Barbauld editó una gran cantidad de obras hasta el final de su vida, las cuales ayudaron a formar el canon como se conoce hoy en día. Primero, en 1804, editó la correspondencia de Samuel Richardson y escribió una extensa introducción de la biografía del hombre, que, quizás, fue el novelista más influyente del siglo XVIII. Su «ensayo de la página 212 sobre su vida y obras [fue] la primera importante biografía de Richardson».[67]​ El año siguiente editó Selections from the Spectator, Tatler, Guardian, and Freeholder, with a Preliminary Essay, un volumen de ensayos que enfatizaron «la inteligencia», «la actitud» y «el gusto».[68]​ En 1811, recopiló The Female Speaker, una antología de literatura escogida específicamente para chicas adolescentes. Debido a que, de acuerdo con la filosofía de Barbauld, es formativo que alguien lea cuando aún es joven, la poetisa cuidadosamente consideró las particularidades y características de sus lectoras y «eligió temáticas sobre los deberes, los empleos y las disposiciones del sexo débil».[69]​ La antología está dividida en secciones como «Piezas morales y didácticas» y «Piezas descriptivas y lamentables»; que incluyen poesías y prosas por, entre otros, Alexander Pope, Hannah More, Maria Edgeworth, Samuel Johnson, James Thomson y Hester Chapone.

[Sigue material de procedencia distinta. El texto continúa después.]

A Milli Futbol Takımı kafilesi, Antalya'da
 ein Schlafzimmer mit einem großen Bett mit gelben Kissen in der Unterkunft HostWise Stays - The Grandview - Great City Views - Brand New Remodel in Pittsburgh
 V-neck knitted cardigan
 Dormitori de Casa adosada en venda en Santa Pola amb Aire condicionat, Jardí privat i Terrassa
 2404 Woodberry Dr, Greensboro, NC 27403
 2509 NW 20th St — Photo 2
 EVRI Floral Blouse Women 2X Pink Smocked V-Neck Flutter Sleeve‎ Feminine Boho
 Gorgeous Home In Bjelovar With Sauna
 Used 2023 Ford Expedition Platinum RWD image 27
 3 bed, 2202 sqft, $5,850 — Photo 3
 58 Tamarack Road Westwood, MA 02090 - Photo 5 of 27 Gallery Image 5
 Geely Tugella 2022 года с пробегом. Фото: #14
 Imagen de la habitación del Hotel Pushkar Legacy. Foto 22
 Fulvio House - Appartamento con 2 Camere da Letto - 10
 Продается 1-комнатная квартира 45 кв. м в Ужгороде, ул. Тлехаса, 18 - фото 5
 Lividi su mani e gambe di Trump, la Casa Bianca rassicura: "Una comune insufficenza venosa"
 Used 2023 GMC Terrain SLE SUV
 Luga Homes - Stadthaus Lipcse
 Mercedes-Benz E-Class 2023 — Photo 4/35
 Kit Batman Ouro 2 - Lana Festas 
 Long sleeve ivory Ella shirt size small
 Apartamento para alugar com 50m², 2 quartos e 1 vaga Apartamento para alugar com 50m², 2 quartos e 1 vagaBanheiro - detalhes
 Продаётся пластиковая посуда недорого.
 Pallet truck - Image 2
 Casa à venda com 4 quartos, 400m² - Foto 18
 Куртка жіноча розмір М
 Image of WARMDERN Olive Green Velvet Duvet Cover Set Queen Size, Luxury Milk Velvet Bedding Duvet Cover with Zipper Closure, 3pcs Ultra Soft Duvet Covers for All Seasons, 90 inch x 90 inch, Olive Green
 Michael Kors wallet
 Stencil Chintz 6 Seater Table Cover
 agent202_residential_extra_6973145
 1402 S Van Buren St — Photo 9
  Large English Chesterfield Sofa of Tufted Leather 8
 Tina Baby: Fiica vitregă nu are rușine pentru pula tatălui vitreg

Pese a la influencia de sus obras anteriores, fueron los cincuenta volúmenes de la serie The British Novelists, publicados en 1810 con un largo ensayo introductorio sobre la historia de la novela, los que le permitieron tomar un lugar en la historia de la literatura. Fue «la primera edición en inglés que hizo comprensiva la crítica y las afirmaciones históricas» y fue con todo el respeto «una empresa creadora de canon».[70]​ En su intuitivo ensayo, Barbauld legitima la novela, entonces todavía un género controvertido, conecta a la Antigua Persia y a la literatura griega. Por su gran novela que es «una épica en prosa», con más que personajes y sin la maquinaria de lo supernatural.[71]​ Barbauld explicó que su novela daba gran cantidad de beneficios; no sólo para el «placer doméstico» sino que también «entretenimiento para la población infundiendo los principales sentimientos morales».[72]​ Barbauld también siempre escribió introducciones para cada una de las obras de los cincuenta autores en sus series de libros.

Esta lista de obras fue tomada de la entrada de Wolicky sobre Barbauld en el Diccionario de las Biografías Literarias.

Una nueva biografía de Barbauld por William McCarthy se encuentra en preparación.